Nothing outside the lines below from the one containing "Hawaiian Host AlohaMacs" through the one containing "Open Copy Or Book Icon In Black Line Art." is to be printed; print those exactly, ends included, and drop the pictures.

ENTRIES SUPPLIED:
* * *

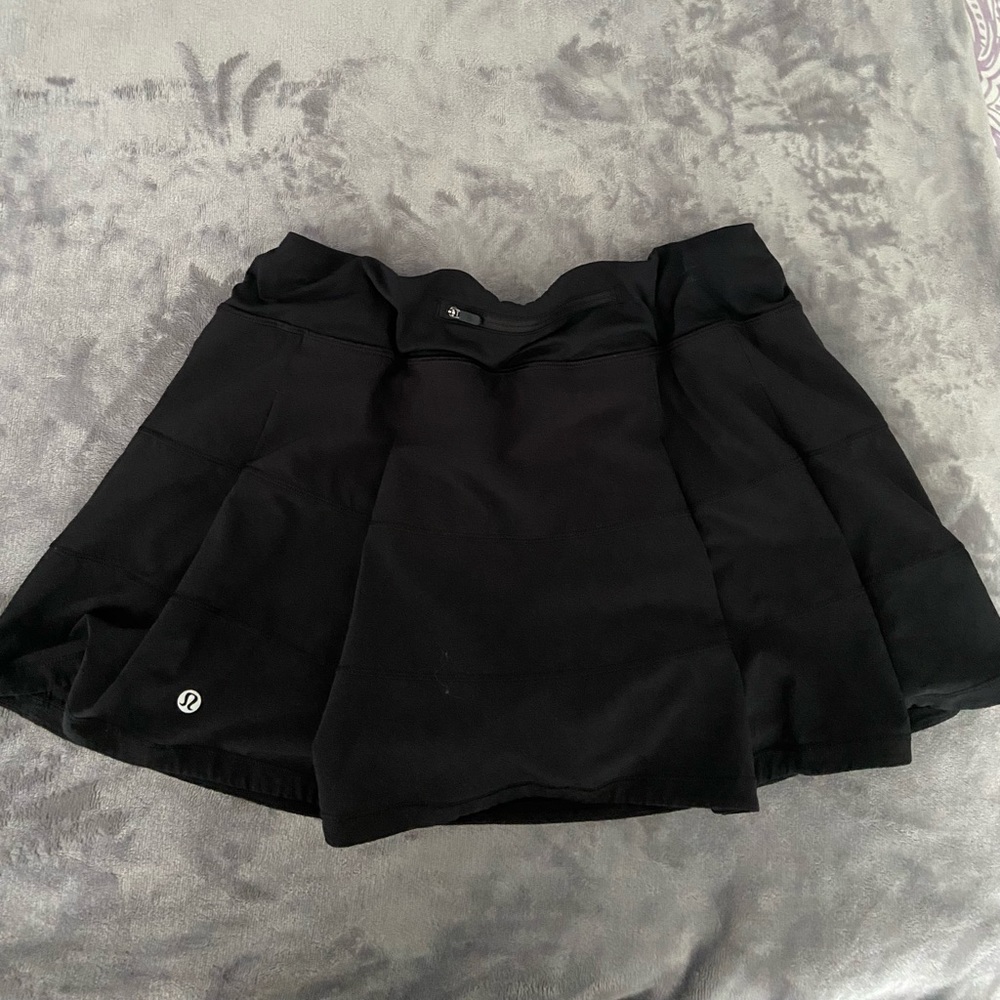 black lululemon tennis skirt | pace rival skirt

* * *

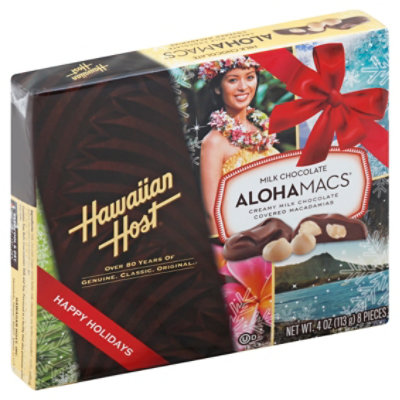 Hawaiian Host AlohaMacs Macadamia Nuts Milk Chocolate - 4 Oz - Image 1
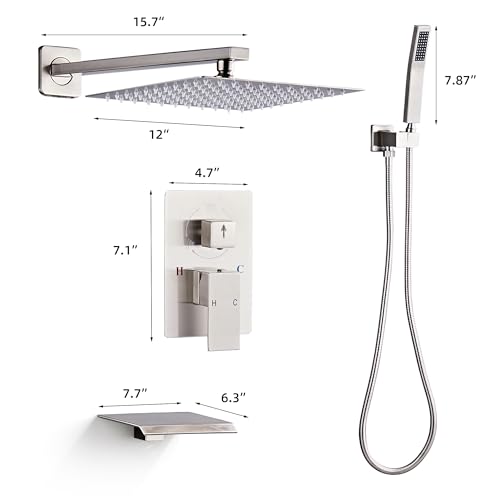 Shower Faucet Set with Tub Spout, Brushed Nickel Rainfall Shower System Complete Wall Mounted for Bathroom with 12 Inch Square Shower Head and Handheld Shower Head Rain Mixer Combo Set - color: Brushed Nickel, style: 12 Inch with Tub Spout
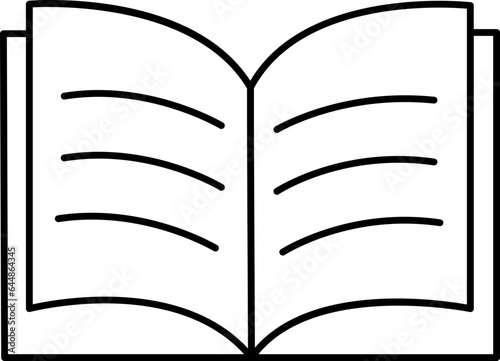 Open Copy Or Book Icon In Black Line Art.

* * *

WRITTEN ANSWER:
 Hawaiian Host AlohaMacs Macadamia Nuts Milk Chocolate - 4 Oz - Image 1
 Shower Faucet Set with Tub Spout, Brushed Nickel Rainfall Shower System Complete Wall Mounted for Bathroom with 12 Inch Square Shower Head and Handheld Shower Head Rain Mixer Combo Set - color: Brushed Nickel, style: 12 Inch with Tub Spout
 Open Copy Or Book Icon In Black Line Art.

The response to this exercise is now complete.